Мы шли к Неве, и упругий порывистый ветер бил нам в лицо. Небо казалось широко развернутым алым парусом. Темная глыба Исаакия, синея, висела в воздухе.

— Люблю, когда просторно! — вздохнул Есенин. — В Москве теснота и сутолочь! А здесь — во как! — И он обвел рукою полгоризонта.

Перешли Николаевский мост. Начался бесконечный ряд еще оголенных деревьев Конногвардейского бульвара. Не помню, как разговор снова вернулся к стихам.

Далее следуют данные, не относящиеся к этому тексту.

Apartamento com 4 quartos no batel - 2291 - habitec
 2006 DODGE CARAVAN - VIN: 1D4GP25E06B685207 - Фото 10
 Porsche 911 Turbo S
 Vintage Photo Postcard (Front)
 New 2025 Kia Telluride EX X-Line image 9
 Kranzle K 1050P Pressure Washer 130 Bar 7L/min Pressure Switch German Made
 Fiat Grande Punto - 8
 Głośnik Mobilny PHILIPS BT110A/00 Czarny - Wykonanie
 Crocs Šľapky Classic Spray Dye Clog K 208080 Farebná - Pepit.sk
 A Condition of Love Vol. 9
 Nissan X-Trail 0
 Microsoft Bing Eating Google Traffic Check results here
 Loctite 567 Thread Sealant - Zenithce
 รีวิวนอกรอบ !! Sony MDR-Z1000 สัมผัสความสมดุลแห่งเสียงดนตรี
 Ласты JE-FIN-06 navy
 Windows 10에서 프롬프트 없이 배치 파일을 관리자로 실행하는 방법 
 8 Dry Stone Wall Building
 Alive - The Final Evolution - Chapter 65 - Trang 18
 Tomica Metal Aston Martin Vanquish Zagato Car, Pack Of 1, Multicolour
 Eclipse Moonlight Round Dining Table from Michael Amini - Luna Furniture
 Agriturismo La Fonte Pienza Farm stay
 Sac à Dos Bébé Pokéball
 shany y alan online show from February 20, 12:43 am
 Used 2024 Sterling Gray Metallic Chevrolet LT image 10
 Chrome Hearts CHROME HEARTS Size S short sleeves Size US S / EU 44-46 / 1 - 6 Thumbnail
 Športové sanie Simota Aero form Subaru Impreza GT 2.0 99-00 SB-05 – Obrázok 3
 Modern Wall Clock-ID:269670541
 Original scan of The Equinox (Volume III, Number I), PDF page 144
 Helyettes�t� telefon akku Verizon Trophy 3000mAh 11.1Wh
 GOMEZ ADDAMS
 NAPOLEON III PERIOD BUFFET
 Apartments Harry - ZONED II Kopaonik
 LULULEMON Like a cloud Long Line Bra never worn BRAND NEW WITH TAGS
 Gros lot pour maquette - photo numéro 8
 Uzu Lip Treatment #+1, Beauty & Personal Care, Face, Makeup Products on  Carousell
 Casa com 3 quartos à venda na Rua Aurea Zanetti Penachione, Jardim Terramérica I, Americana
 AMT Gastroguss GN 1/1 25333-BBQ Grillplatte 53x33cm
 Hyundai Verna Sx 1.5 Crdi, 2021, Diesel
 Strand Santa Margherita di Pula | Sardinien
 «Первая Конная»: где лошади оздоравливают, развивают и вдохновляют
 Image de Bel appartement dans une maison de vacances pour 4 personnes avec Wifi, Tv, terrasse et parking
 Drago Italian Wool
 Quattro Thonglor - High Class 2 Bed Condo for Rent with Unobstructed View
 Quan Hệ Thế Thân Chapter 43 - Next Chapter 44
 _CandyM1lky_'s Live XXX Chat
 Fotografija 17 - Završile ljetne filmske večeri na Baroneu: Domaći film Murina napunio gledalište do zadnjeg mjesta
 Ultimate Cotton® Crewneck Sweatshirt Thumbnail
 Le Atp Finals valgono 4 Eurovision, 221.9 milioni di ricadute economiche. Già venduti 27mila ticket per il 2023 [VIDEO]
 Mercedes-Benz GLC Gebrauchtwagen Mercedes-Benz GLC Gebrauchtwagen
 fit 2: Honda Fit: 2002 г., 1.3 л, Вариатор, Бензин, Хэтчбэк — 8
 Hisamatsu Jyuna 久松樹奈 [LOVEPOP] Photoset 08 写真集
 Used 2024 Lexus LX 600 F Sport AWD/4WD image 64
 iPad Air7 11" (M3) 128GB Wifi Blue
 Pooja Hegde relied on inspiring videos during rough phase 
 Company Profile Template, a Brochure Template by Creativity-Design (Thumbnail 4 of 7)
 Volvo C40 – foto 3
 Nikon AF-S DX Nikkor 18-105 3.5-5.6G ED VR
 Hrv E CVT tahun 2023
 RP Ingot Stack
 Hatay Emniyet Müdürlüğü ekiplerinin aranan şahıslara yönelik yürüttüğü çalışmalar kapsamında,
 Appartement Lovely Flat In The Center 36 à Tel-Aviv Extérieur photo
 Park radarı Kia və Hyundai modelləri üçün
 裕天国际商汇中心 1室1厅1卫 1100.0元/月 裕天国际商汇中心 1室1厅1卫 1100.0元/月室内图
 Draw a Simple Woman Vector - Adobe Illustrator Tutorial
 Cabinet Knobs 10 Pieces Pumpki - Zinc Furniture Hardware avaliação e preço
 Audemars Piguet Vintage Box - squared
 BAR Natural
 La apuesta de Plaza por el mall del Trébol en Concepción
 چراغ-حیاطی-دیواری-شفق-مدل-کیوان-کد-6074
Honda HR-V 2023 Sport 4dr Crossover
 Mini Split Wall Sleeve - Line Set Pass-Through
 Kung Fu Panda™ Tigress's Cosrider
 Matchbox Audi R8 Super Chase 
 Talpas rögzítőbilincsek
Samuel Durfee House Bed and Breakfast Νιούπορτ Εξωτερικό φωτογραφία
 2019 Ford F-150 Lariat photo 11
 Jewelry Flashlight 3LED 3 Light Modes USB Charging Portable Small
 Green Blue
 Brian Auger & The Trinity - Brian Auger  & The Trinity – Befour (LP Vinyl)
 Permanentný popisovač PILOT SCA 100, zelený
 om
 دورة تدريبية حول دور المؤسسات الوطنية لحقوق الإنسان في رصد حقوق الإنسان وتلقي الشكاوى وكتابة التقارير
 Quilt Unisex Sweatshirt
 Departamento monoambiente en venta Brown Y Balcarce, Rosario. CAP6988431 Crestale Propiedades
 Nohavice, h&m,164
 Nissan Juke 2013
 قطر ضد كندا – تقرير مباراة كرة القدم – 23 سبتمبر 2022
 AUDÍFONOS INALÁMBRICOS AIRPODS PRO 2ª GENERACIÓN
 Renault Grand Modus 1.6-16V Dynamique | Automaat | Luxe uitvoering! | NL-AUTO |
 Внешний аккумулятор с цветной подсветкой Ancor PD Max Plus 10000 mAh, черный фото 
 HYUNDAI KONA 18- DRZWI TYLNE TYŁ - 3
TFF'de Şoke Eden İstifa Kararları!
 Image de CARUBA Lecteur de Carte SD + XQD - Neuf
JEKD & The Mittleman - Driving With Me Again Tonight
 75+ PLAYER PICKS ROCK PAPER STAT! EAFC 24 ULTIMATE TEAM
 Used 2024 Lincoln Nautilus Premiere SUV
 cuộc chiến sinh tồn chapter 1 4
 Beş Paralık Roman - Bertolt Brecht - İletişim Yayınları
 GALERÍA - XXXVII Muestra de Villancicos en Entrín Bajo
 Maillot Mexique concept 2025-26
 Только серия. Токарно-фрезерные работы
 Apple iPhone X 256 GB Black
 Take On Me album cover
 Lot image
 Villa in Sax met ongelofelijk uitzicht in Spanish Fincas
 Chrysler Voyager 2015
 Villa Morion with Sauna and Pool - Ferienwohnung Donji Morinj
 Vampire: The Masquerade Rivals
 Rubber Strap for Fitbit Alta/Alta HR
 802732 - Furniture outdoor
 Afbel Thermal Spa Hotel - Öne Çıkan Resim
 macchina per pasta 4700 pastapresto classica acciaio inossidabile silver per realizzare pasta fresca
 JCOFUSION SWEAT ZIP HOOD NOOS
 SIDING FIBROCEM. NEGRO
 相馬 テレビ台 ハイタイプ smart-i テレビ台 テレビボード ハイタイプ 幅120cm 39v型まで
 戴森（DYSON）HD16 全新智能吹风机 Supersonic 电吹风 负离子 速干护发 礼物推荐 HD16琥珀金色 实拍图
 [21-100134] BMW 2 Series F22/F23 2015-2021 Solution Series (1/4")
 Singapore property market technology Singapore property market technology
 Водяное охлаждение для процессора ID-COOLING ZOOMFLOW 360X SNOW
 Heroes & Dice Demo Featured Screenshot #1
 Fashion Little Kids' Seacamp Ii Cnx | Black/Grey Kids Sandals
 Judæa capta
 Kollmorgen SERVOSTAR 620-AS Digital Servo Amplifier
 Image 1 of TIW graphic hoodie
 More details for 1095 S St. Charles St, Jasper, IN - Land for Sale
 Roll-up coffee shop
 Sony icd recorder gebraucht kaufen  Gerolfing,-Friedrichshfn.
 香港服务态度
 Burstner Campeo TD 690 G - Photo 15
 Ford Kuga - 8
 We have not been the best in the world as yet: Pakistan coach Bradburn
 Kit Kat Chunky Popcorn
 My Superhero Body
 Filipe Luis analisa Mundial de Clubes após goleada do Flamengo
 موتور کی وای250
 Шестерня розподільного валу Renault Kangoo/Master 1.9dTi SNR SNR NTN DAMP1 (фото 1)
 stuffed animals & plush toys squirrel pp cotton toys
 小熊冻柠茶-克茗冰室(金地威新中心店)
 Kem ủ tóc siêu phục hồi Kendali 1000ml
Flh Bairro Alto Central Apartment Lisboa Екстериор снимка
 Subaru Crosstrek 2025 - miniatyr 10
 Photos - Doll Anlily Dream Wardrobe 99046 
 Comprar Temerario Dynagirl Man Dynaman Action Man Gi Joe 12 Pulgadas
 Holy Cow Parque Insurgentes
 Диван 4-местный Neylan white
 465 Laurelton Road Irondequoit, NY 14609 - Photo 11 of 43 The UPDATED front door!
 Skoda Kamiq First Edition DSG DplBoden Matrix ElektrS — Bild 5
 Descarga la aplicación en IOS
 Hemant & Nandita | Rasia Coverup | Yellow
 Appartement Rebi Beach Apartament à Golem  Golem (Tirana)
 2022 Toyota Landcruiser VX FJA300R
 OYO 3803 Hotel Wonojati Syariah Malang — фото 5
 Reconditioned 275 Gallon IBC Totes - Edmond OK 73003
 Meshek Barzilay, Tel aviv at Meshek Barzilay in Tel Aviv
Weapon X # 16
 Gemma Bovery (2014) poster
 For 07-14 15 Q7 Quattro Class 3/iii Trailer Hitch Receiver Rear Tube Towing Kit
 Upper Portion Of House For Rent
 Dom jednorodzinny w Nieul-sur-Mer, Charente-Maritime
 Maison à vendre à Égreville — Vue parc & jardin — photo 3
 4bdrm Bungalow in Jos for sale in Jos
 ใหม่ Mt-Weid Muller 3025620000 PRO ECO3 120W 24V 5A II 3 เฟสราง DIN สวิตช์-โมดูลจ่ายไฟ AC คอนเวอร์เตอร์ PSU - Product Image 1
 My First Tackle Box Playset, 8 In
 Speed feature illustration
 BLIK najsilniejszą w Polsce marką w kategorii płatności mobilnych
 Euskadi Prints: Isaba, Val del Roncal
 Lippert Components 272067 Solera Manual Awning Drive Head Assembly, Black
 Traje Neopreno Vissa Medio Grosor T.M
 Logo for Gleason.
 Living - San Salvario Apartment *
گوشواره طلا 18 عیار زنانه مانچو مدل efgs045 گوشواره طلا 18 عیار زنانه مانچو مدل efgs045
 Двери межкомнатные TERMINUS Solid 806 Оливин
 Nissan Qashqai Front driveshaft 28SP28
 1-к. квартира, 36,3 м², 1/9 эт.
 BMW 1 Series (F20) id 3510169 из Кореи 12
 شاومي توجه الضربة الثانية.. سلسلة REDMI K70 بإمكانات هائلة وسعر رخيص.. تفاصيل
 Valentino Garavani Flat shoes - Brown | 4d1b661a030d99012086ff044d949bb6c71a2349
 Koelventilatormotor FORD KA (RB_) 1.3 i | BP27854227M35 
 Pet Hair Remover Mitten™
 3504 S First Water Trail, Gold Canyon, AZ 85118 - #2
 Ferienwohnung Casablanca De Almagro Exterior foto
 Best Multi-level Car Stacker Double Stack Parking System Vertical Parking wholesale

— Хочешь, свои почитаю? — спросил мой спутник (он сразу же стал говорить мне «ты», и это, видимо, было его привычной манерой). — Неужели таких стихов они печатать не будут? Нет, шалишь, напечатают. Это ведь о России. В самую сердцевину сейчас — на второй-то год войны. И он начал читать — сначала тихо, а потом с б ольшим и большим одушевлением:

Если крикнет рать святая:
«Кинь ты Русь, живи в раю!»
Я скажу: «Не надо рая,
Дайте родину мою» 2.

Стихи действительно были непривычно свежими, живыми. Но я все же не удержался от критического глубокомыслия:

— Хорошо-то хорошо, но уж очень иконописно — «рать святая», «рай»… Ладаном пахнет.

— А что, это плохо?

— Как кому. Вот у Блока тоже о России, но совсем иначе — мужественнее, проще.

— Да ведь то Блок! Он передо мною игумен. Не удивляйся «божественным» сравнениям — меня в церковноприходской школе грамоте учили. Он игумен, а я кто? Послушник, да и то расстрига.